_PROBLEM TO SOLVE_. Write back every entry exactly as it reads, with the pictures left behind.

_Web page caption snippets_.
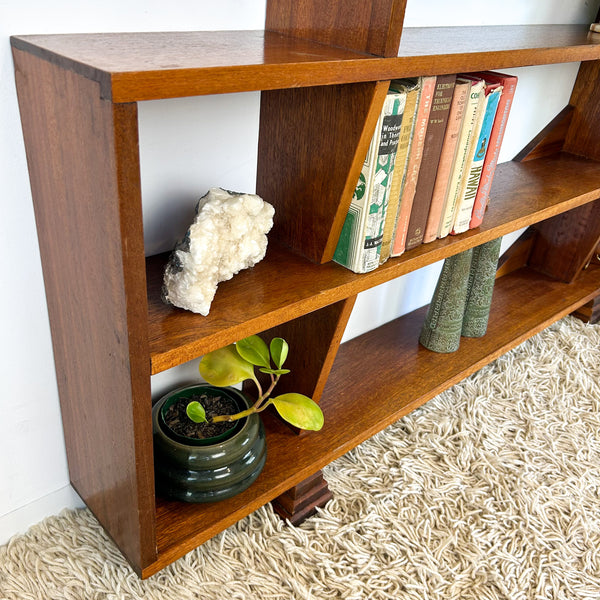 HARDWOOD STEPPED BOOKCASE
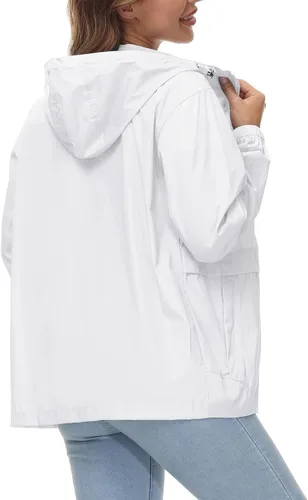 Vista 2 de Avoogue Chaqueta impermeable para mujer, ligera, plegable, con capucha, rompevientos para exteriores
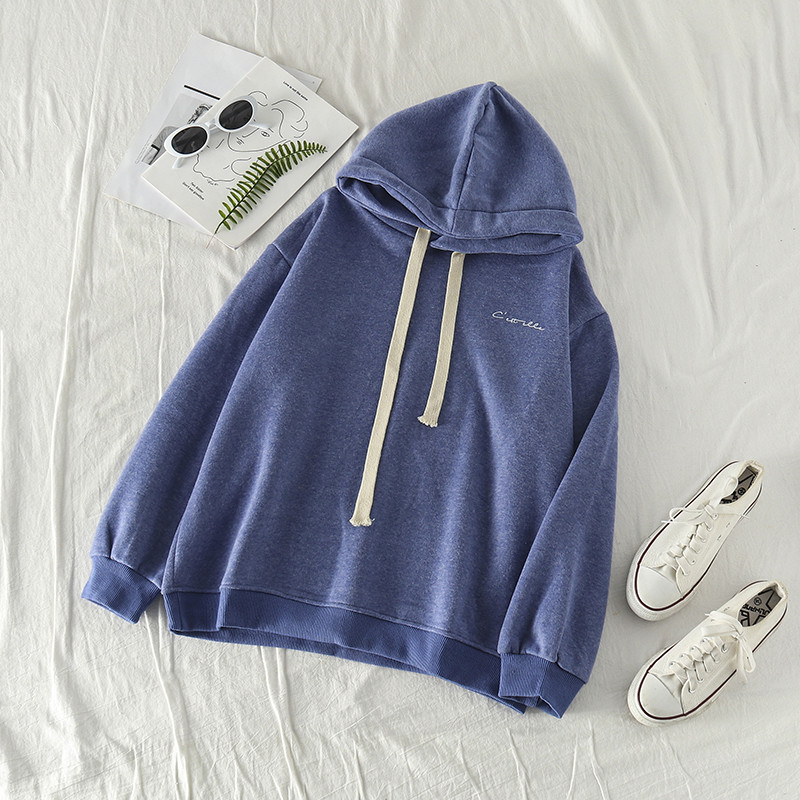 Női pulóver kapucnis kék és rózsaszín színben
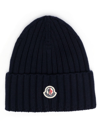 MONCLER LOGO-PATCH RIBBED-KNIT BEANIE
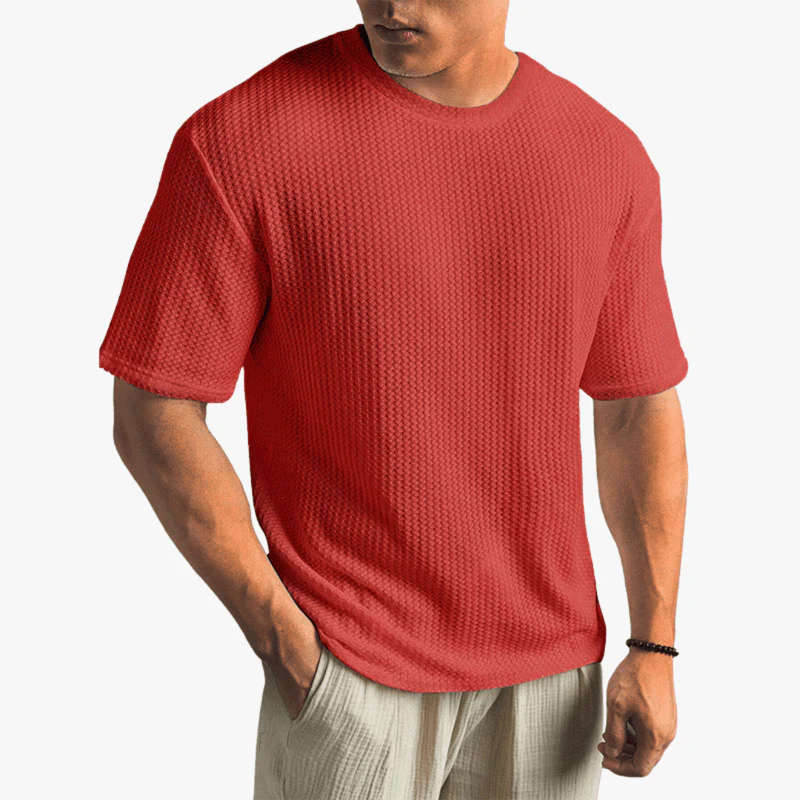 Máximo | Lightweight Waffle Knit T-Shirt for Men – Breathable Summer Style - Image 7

_ANSWER FOR THIS EXERCISE_.
 HARDWOOD STEPPED BOOKCASE
 Vista 2 de Avoogue Chaqueta impermeable para mujer, ligera, plegable, con capucha, rompevientos para exteriores
 Női pulóver kapucnis kék és rózsaszín színben
 MONCLER LOGO-PATCH RIBBED-KNIT BEANIE
 Máximo | Lightweight Waffle Knit T-Shirt for Men – Breathable Summer Style - Image 7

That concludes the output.